To find the masses of the stars, we need to use Kepler's Third Law, the center of mass equation, the equation for period, and the Newtonian improvement to the Keplerian semi-major axis:


\(P^2=\dfrac{4\pi ^2a^3}{G(M_1+M_2)}\)

\(a_1M_1=a_2M_2\)

\(P=\dfrac{2\pi a_1}{v_1}=\dfrac{2\pi a_2}{v_2}\)

\(a=a_1+a_2\)

We begin with Kepler's Third Law, substituting the Newtonian improvement to the semi-major axis for a, and substituting \(M_2=\frac{a_1}{a_2}M_1\):
\(P^2=\dfrac{4\pi ^2(a_1+a_2)^3}{G(M_1+\frac{a_1}{a_2}M_1)}\)

Then, solving the equations of the periods for the semi-major axes and using the relation \(\frac{a_1}{a_2}=\frac{v_1}{v_2}\):

\(P^2=\dfrac{4\pi ^2\left(\frac{P(a_1+a_2)}{2\pi}\right)^3}{G(M_1+\frac{a_1}{a_2}M_1)}\)

\(\Longrightarrow M_1=\dfrac{v_2P(v_1+v_2)^2}{2\pi G}\)

Repeating a similar process for the second mass, we get:

\(\Longrightarrow M_2=\dfrac{v_1P(v_1+v_2)^2}{2\pi G}\)

Now, to solve for the radii of the stars, we need to use the transit depth equation, which was derived in a previous problem, and the transit time expression, which we must derive. To do this, we must consider the Stefan-Boltzmann law, \(L\propto R^2T^4\). From here, we can see that if the temperatures are relatively similar, a star with a larger radius will have a bigger luminosity. Thus, we can conclude that the primary transit (the transit with the larger depth) occurs when the star with smaller radius passes in front of the star with larger radius, blocking a higher proportion of light; the secondary transit (with a smaller depth) would then occur when the star with a larger radius passes in front of the star with a smaller radius. 


Figure 4: The transit of the smaller star across the bigger star.

From Figure 4, we can see that in the frame of the bigger star, the smaller star has a velocity of \(v_1+v_2\) and must travel a distance of \(2R_1+2R_2\). The transit time, \(t_{trans}\), is given by:


\(t_{trans}=\dfrac{2(R_1+R_2)}{v_1+v_2}\)

We also know the transit depth equation from a previous result:

\(\delta =\left( \dfrac{R_2}{R_1}\right)^2\)

This equation, however, was derived under the assumption that the transiting object was opaque. In this case, the transiting star is emitting its own light. We can correct for this by subtracting the luminosity of the transiting star from the light curve. Figure 5 gives and example of what this would look like. 

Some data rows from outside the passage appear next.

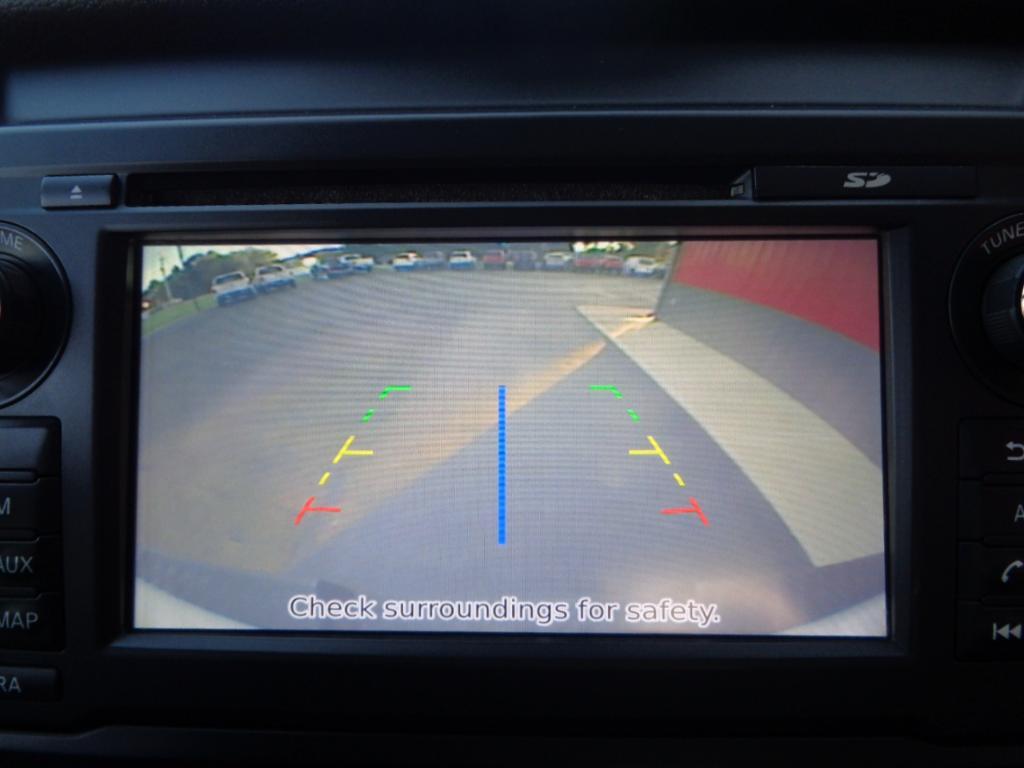 used 2018 Nissan Titan car, priced at $20,995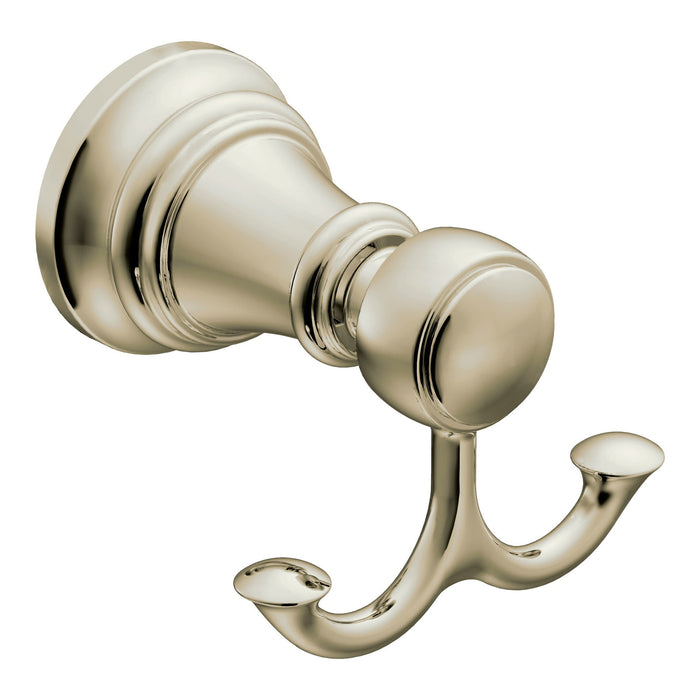 Moen Weymouth YB8403 Double Robe Hook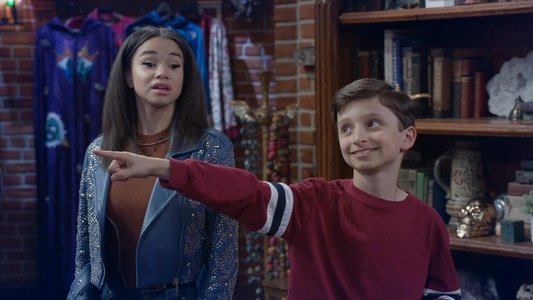 Image Los Hechiceros Más Allá De Waverly Place 18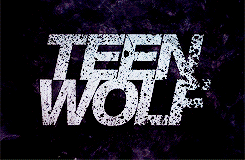miss-bookworm:    fangirl challenge: [2/5] openings - Teen Wolf  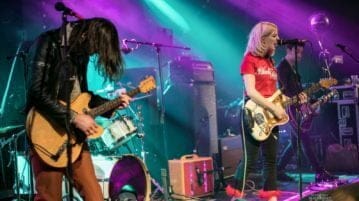 Fest Evol 2017 In Pictures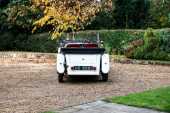 1934 Alvis Firebird Open Tourer - Offered without reserve - 7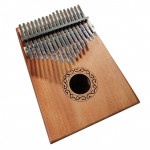 Vibe Kalimba K100
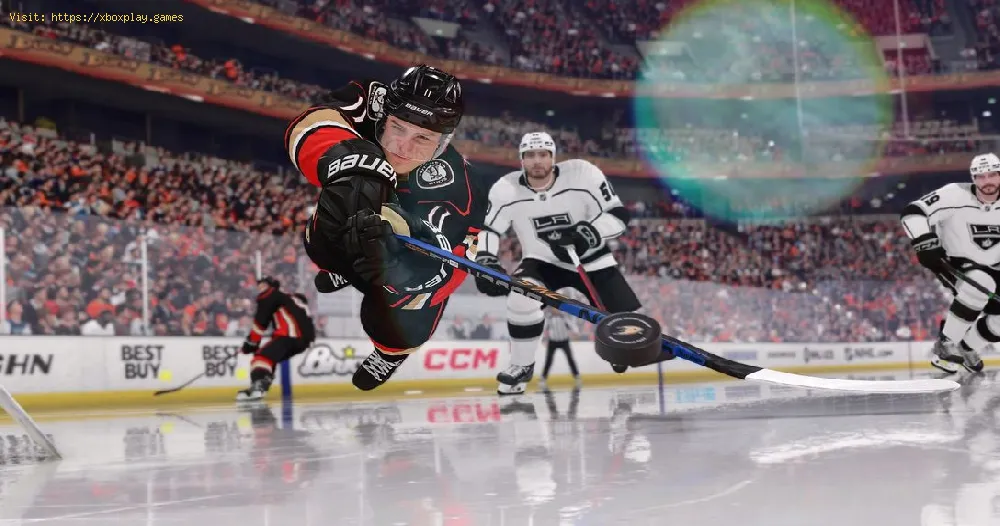 Fix NHL 23 Unable to Connect to EA Server Error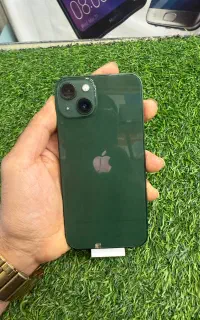 گوشی آیفون 13با حافظه 256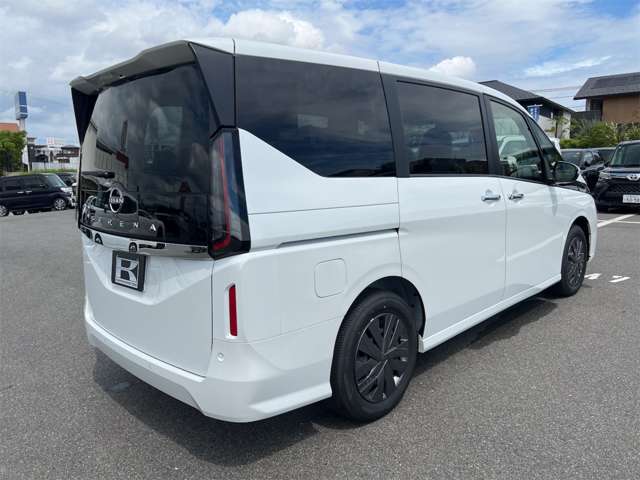 日産 セレナ ２．０ Ｘ R7年 () 99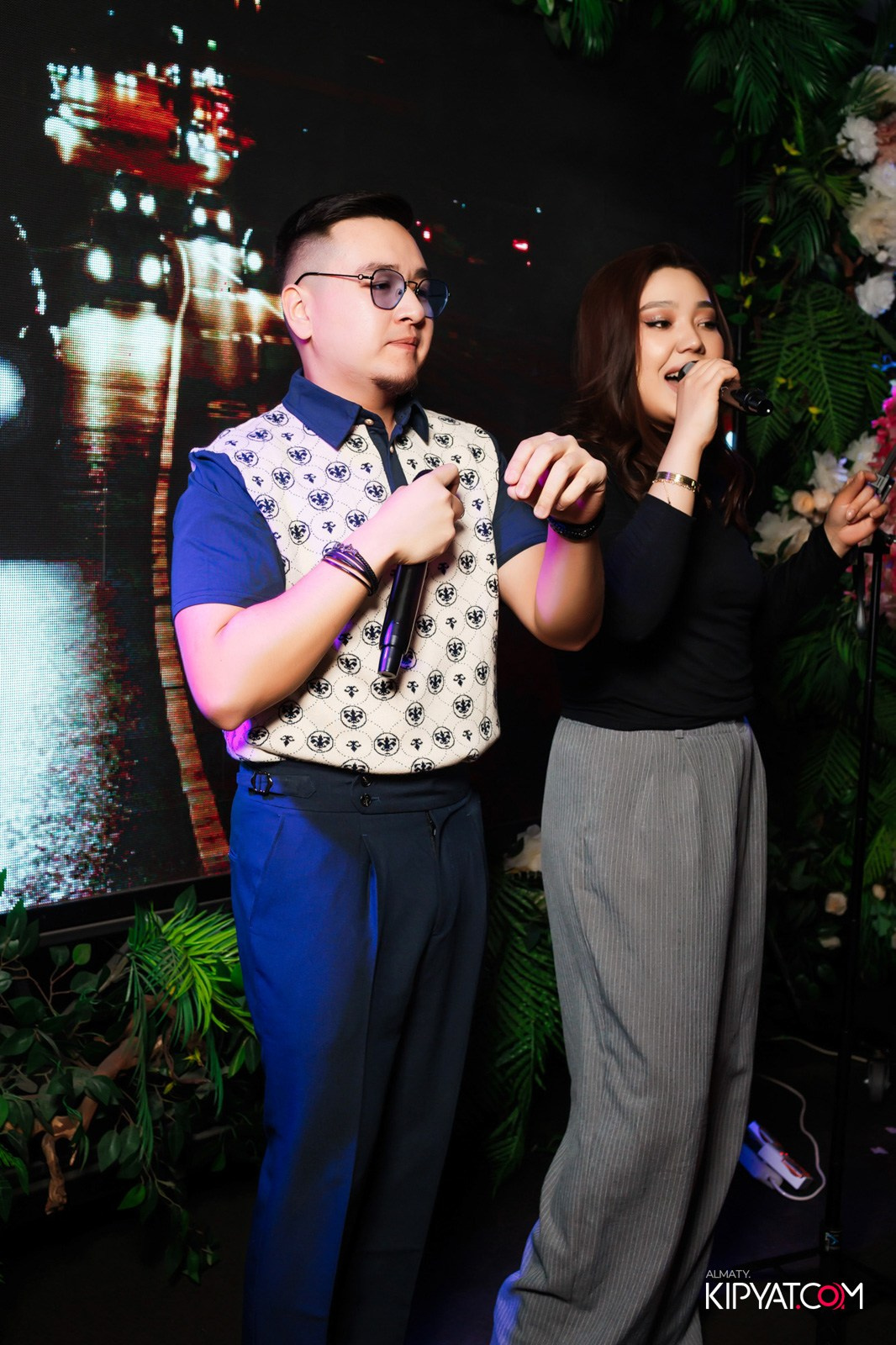 УХО И МЕДВЕДЬ НА КУРМАНГАЗЫ. КИПЯТКОМ АЛМАТЫ!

Figure 5: The dotted line represents the light curve with luminosity of the smaller star subtracted. \(\delta_1\) is the depth of the primary transit, and \(\delta_2\) is the depth of the secondary transit.

Having subtracted the depth of the secondary transit from the light curve, our transit depth equation for the primary transit now becomes:
\(\left( \dfrac{R_2}{R_1}\right)^2=\dfrac{\delta_1}{1-\delta_2}\)

Solving for \(R_2\) and plugging into the transit time equation, we get:

\(R_1+\sqrt{\dfrac{\delta_1}{1-\delta_2}}R_1=\frac{1}{2}(v_1+v_2)t_{trans}\)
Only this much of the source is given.